_Work request_.
From the material below, please set down exactly the lines starting with the one with "KRIJG EEN LEVEN - Johannes 10:28" and going on through the one with "Bange-77115 Mochila Tech", without a single picture.

═════ Data to process

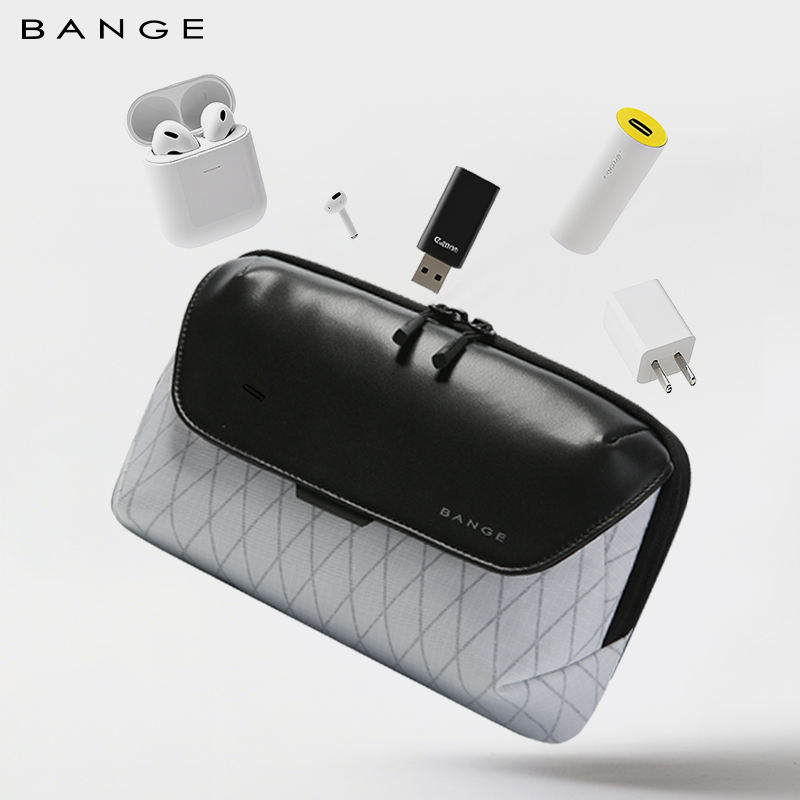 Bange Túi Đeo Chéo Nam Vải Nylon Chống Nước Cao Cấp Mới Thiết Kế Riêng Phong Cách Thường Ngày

══════════
═════ Data to process

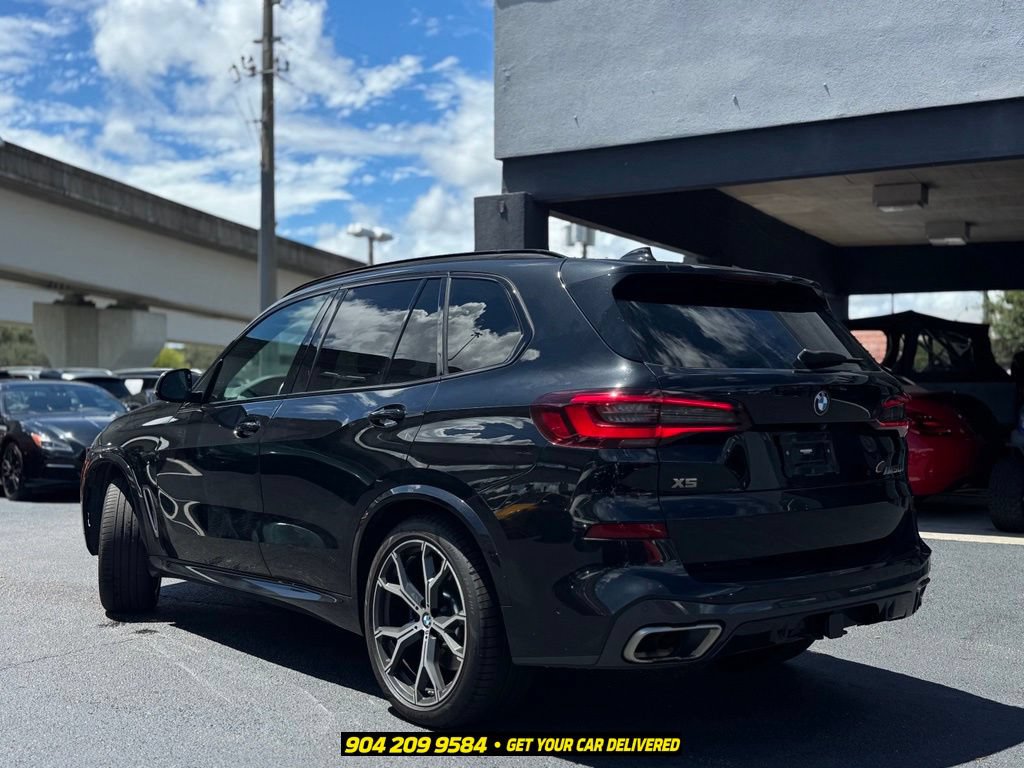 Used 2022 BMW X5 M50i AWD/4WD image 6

══════════
═════ Data to process

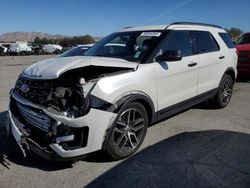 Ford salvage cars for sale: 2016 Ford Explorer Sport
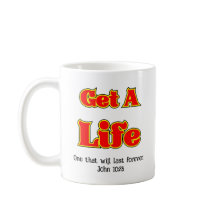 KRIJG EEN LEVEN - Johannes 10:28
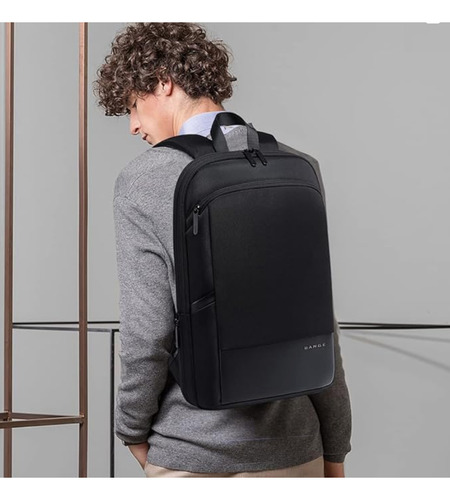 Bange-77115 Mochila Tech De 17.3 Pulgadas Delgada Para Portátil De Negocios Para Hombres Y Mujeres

══════════

_Result of this exercise_.
 KRIJG EEN LEVEN - Johannes 10:28
 Bange-77115 Mochila Tech De 17.3 Pulgadas Delgada Para Portátil De Negocios Para Hombres Y Mujeres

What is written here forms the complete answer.